We talk openly about it all the time. We are constantly talking about how wet or dry a day we are having because we are looking for success with PTNS. I don’t think it has changed too much over time. If anything, our talking has gotten even more open. Because we discuss it openly and there is no “shame” involved, Ryan really doesn’t see it as anything embarrassing, at least among family. He doesn’t want to talk about it with friends, of course, but he feels comfortable talking with us about it.

Mother of Ryan, age 11

 

green_sc_neuro I think it has made me more protective and more involved with his person than I would normally like to be. I would like for my son to be more independent, I would like to send him to sleep-away camp – and I can’t do that. So it’s a matter of always, always, always having to have it in the back of your mind. You know, if you’re going to be gone for the day, don’t forget to take the supplies. If you’re walking around New York City for five hours and you’re at the museum, “Oh Henry, you really need to go into the bathroom and take care of this,” or I’m sending my husband to do this. Somebody always has to have it in mind. It tends to be me, I’m like the designated rememberer.
Then it becomes habit, it definitely becomes habit, and it doesn’t stop us from doing what we need to do, but you always have to make accommodation, you just have to plan ahead all the time. Luckily I’m a fairly organized, detail-oriented person anyway, so you know, it’s in my genes to think logistics all the time anyway. This has just sort of honed that skill.

 

Mother of Henry, age 12

 

green_sc_neuro A different type of bond
I think we have a different type of bond than what some other parents and children have. I have a little bit more understanding of how his feelings are.

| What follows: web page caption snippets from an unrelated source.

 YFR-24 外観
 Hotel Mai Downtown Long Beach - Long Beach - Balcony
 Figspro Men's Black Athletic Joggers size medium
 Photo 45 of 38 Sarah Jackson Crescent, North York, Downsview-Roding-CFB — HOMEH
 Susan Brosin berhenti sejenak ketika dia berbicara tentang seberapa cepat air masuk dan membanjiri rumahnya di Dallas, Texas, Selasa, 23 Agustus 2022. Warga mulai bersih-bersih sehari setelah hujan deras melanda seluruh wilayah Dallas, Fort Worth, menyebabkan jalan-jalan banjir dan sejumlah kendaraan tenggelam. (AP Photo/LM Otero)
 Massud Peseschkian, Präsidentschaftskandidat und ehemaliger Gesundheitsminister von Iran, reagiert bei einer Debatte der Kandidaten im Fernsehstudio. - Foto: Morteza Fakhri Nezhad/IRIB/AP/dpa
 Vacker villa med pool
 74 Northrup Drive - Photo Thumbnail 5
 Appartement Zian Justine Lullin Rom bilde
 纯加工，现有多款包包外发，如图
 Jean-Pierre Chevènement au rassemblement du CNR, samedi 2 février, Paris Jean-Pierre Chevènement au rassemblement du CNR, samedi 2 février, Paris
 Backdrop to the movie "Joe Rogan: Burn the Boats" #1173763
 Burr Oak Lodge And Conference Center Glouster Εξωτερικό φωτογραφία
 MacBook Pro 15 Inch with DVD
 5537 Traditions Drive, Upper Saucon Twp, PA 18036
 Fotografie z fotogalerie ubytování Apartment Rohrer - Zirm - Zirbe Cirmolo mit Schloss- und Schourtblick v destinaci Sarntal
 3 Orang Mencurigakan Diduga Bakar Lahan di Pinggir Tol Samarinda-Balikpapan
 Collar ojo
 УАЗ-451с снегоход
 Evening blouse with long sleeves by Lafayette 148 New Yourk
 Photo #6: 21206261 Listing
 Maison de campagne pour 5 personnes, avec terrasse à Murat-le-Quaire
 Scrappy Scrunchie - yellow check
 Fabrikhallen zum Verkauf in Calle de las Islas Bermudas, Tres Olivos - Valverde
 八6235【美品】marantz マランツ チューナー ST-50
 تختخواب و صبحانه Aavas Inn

There are certain things that, I will agree, I baby him on. When it comes to his medical care and things that can hurt him, I think I’m just a little more aware…When something is going on that he’s not sure on, he knows he can ask or even talk about it and I’m going to take him seriously. I’m not just going to say, “Well, no, it’s nothing, don’t worry about it.” We talk about it: “Where does it hurt? What does it feel like? How long did it go on for?” We’re active in the conversation, where I don’t just tell him something I think is going to make him feel better. I’m upfront and honest with him. So I think that makes him a little more comfortable to discuss things like that with me…I’ve seen other friends of mine where they kind of sugarcoat it or they don’t really discuss it and the kids just seem very confused. They don’t really understand what’s going on and what’s happening and it just kind of scares them. I don’t have that feeling with Ethan. He has a very clear understanding, he knows he needs to discuss certain things with certain people when they’re happening, and there’s a good respect between us.

Mother of Ethan, age 13

 

green_sc_neuro A pretty good job balancing
I think we have done a pretty good job balancing. I often felt (especially when Dylan was in the hospital going for so many visits) that the girls would start to feel like all we think about is Dylan in the family. I would say a little bit less now, because his health is so good that 100% of our focus isn’t that, but for a while I was afraid of that constantly.
But the girls have been great. Every time I brought it up, because we have talked about it – I’ve gone to them and if they were at the hospital all day, I would come to them and say, “I hope you guys understand and are you feeling slighted?” We have all had that conversation, and the girls look at us like we have six heads, like, “No, of course, we know. This is our brother!” So they seem to take it good. We try to keep them as informed as we can so that they don’t worry. At first obviously they were worried, but I think that my husband and I have done a good job of making sure that they know that Dylan is okay, he is stable, and just keeping them informed is the big important thing.